The full research briefing can be found on the SPICe digital publications page.

As with all guest blogs, what follows are the views of the authors, not those of SPICe or indeed the Scottish Parliament.

Background

This blog summarises recent research as part of a SPICe fellowship which investigated policies and interventions that experts agree should form part of a green recovery from COVID-19. The project first identified which policies were most frequently mentioned by studies on green recovery, then analysed the extent to which similar themes are reflected in the Scottish Government’s Programme for Government 2020-2021.

What is a green recovery?

A green recovery seeks to achieve the dual aims of lifting an economy out of recession whilst protecting and improving the environment at the same time.

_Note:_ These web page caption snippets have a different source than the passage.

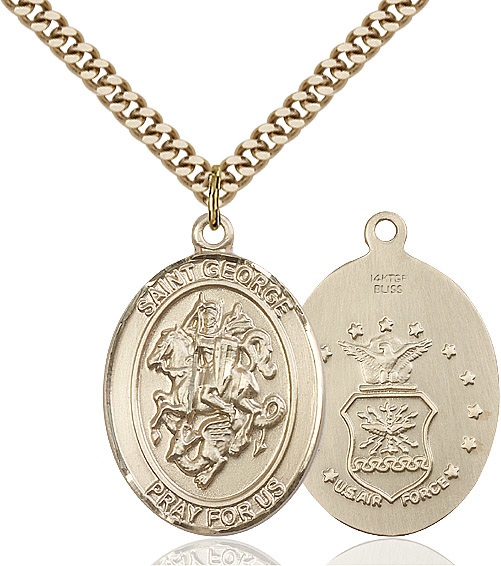 14kt Gold Filled Saint George Air Force Pendant on a 24 inch Gold Plate Heavy Curb chain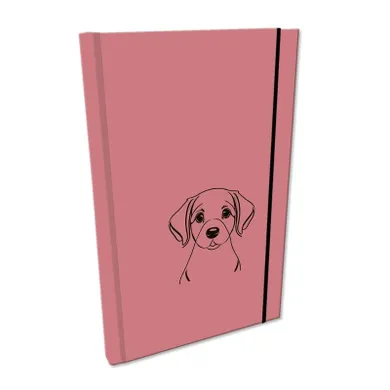EV-Corp, Soft Touch, notes z gumką A5, gładki, lakier UV, pies labrador, brudny róż, 1 szt.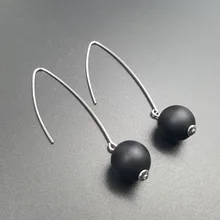 LII Ji натуральный 12 мм матовые черные бусины из агата 925 пробы серебро болтающиеся длинные серьги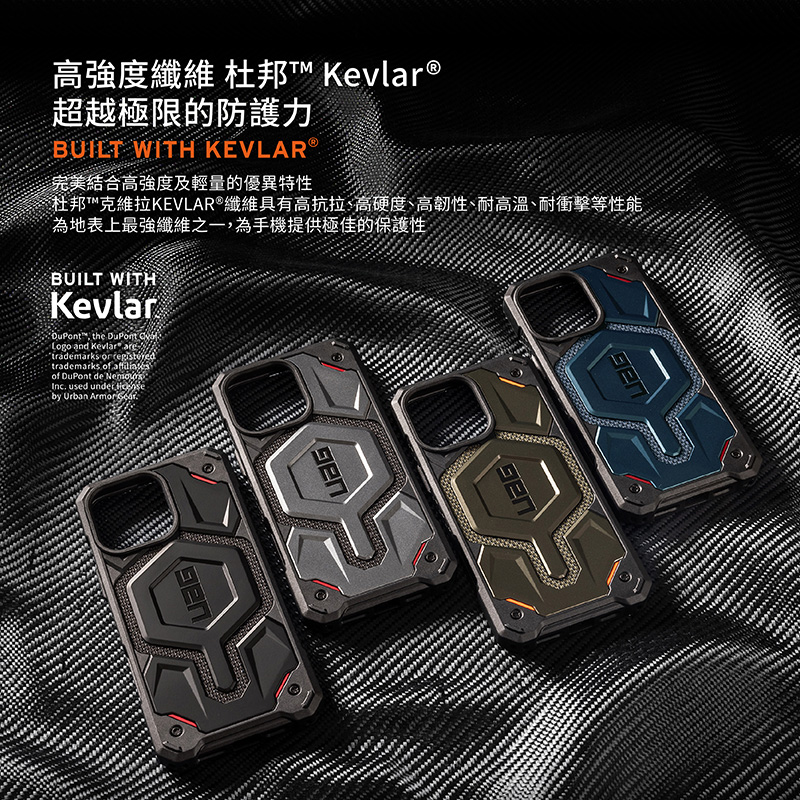 高強度纖維 杜邦 Kevlar 超越極限的防護力 完美結合高強度及輕量的優異特性 杜邦克維拉KEVLAR纖維具有高抗拉、高硬度、高韌性、耐高溫、耐衝擊等性能 為地表上最強纖維之一,為手機提供極佳的保護性 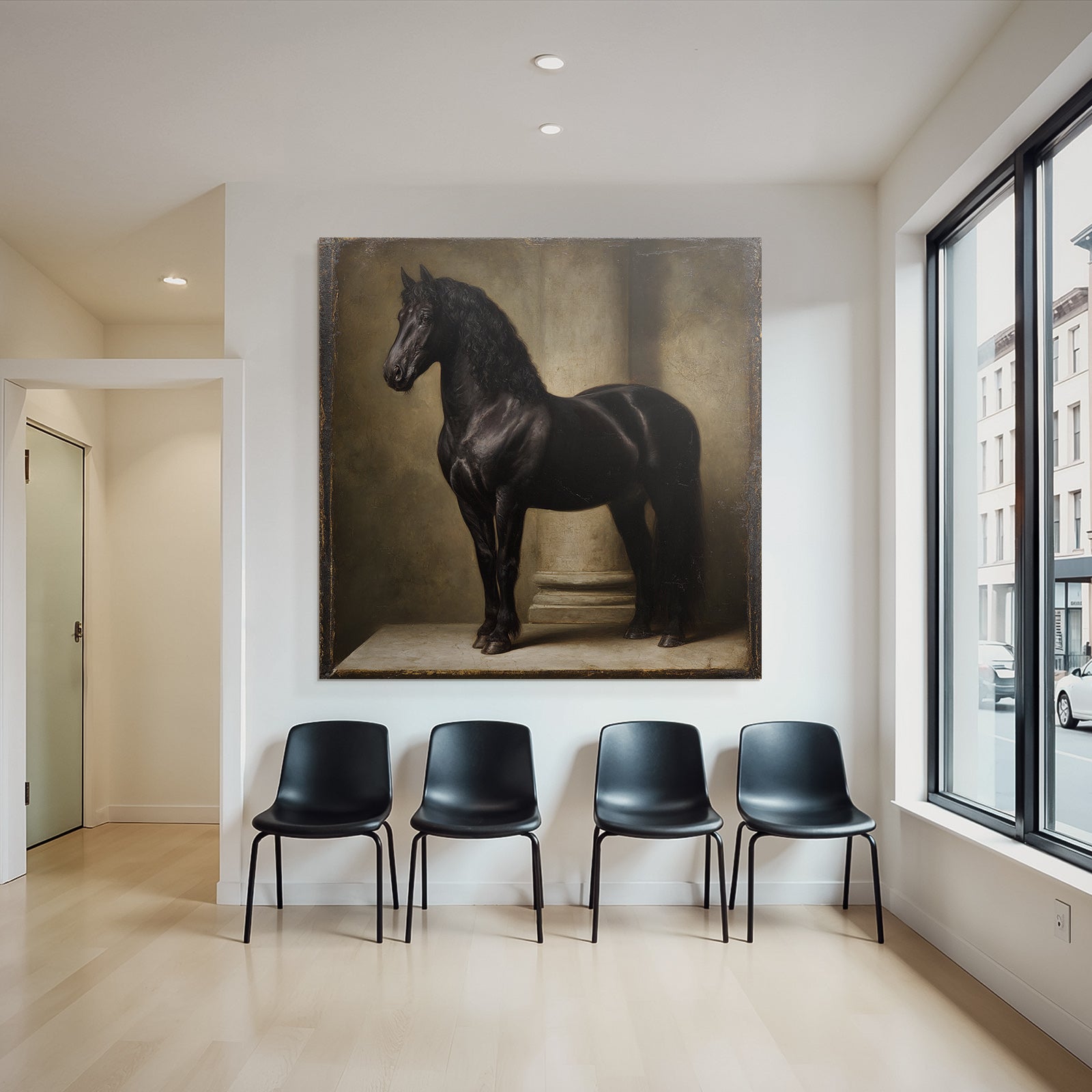 Black Horse Next to Column Artful Representation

The concept of green recovery first emerged in academic research and political discourse after the 2008-09 financial crisis.  However, several years of research on the impacts of the 2008 recession’s green recovery policies, and the current trajectory predicted for the climate crisis, have revealed that the green recoveries promised in many states did not fully live up to expectations. 

The green recovery policies a decade ago were found to be ineffective due to being too focused on very narrow sectors of the economy, not focusing enough on the long term, and allocating a relatively small percentage of GDP and of recovery funds to green recovery specifically.

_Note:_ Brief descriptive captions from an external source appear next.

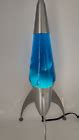 Vintage Lava Lite Starship Lamp Silver Rocket White Wax Blue Liquid ...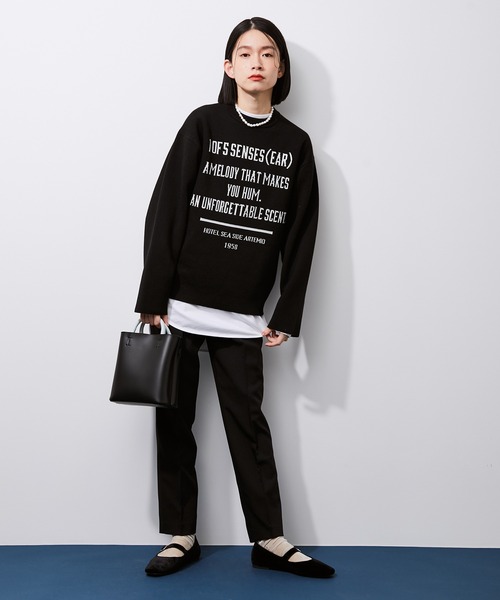 ADAM ET ROPE'(アダムエロペ)の「【ARTEMIO directed by SKIN】ジャカードニットプルオーバー(ニット/セーター・レディース・ブラック/グレー・FREE)」の19枚目の写真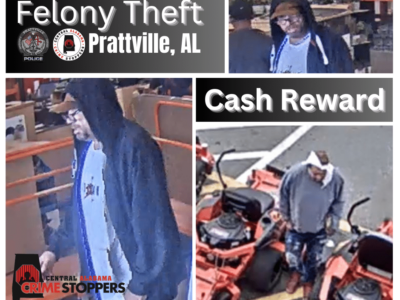 Prattville – Police Seeking Identity of Theft of Property 1st Degree Suspect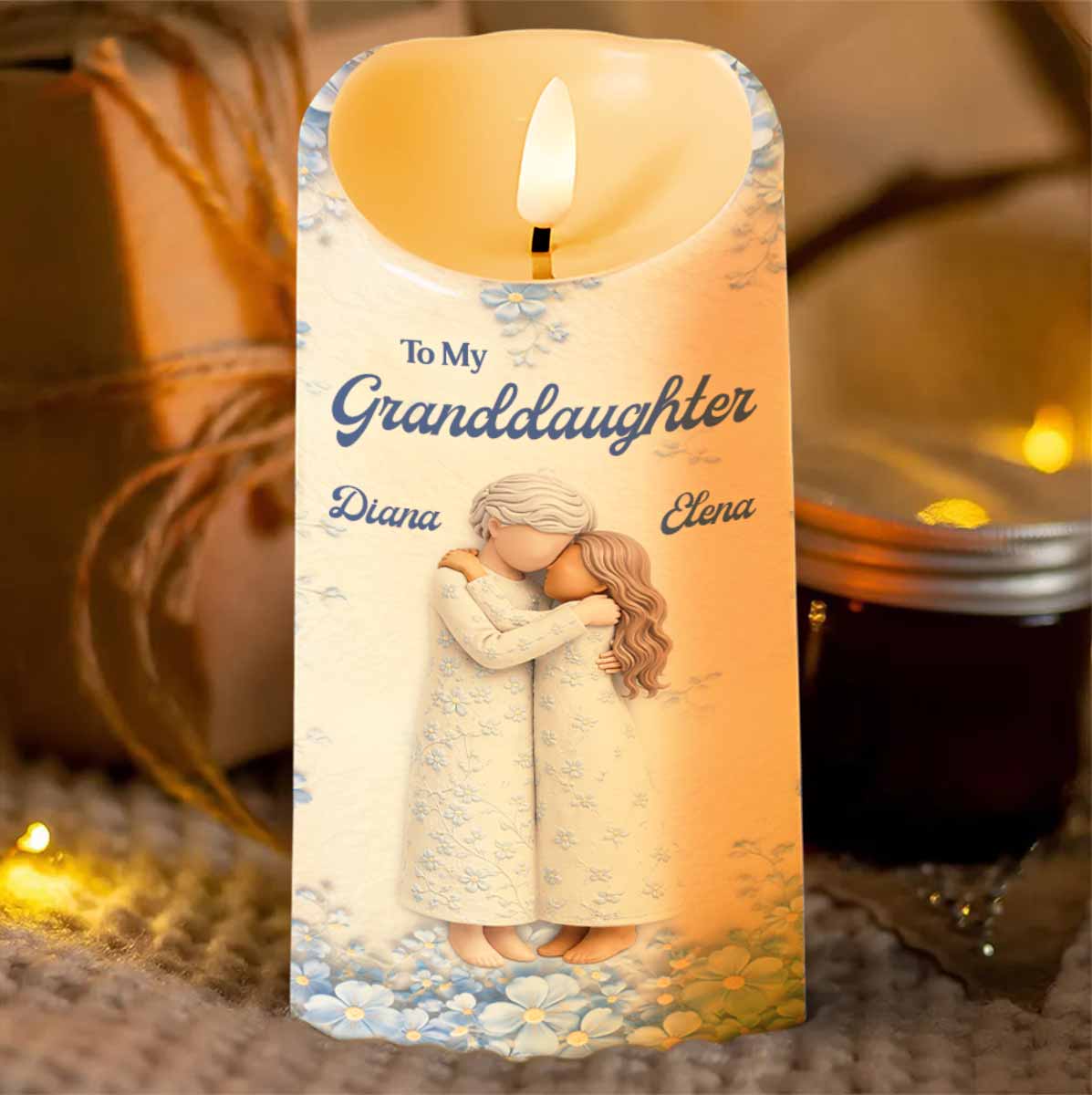 To My Granddaughter, Floral Grandmother And Granddaughter Embrace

Prospects for green recovery in Scotland

One way to evaluate the extent to which Scottish green recovery policies might be successful is to examine whether they address the concerns with green recovery policies around the world in response to the 2008 recession.

Narrow focus

A critique of the previous green recovery policies is that most nations allocated virtually all of their funding for green recovery to a restricted suite of options for improving energy efficiency and shifting to low-carbon power. This was considered too narrow, and insufficient to facilitate a holistic shift to a low-carbon economy.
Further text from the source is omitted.